* [WHAT NEEDS TO BE DONE]
What you return must match the listing below character for character, minus any pictures.

═════ DATA SEGMENT

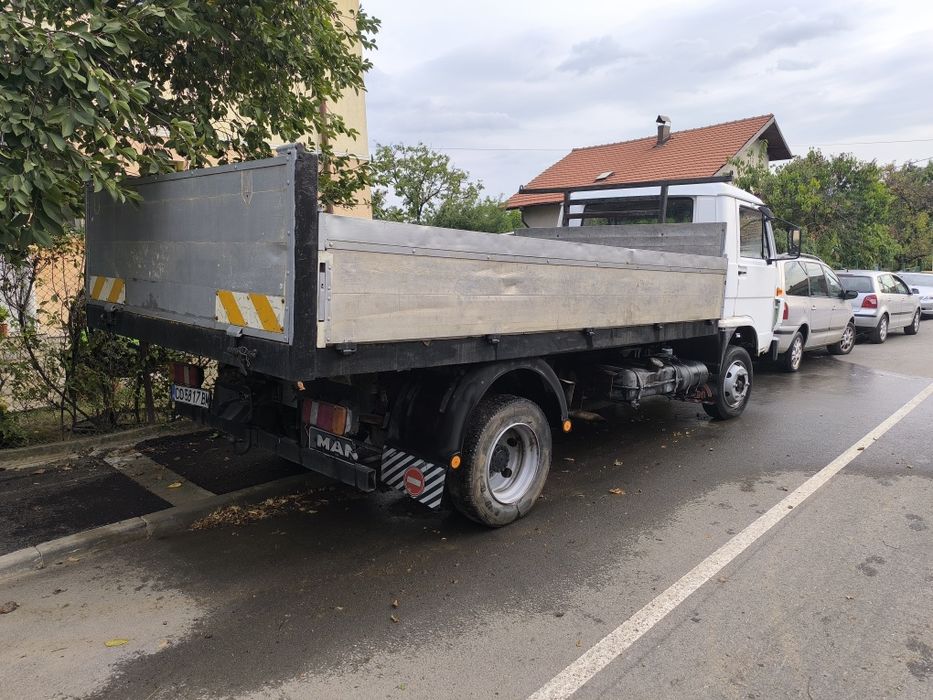 Продава се MAN 6.100 1992г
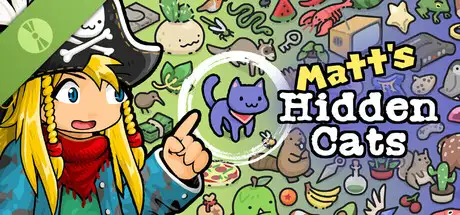 Matt's Hidden Cats Demo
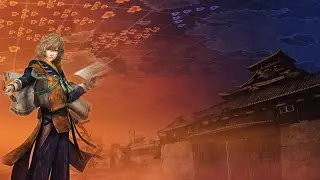Going To Unite Kinki - Samurai Warriors 4 Empires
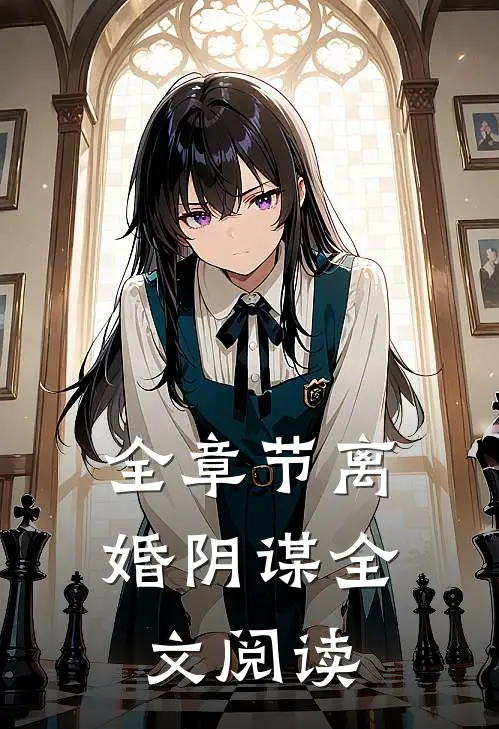 全章节离婚阴谋全文阅读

══════════

* [RESULT FOR THIS EXERCISE]
 Продава се MAN 6.100 1992г
 Matt's Hidden Cats Demo
Going To Unite Kinki - Samurai Warriors 4 Empires
 全章节离婚阴谋全文阅读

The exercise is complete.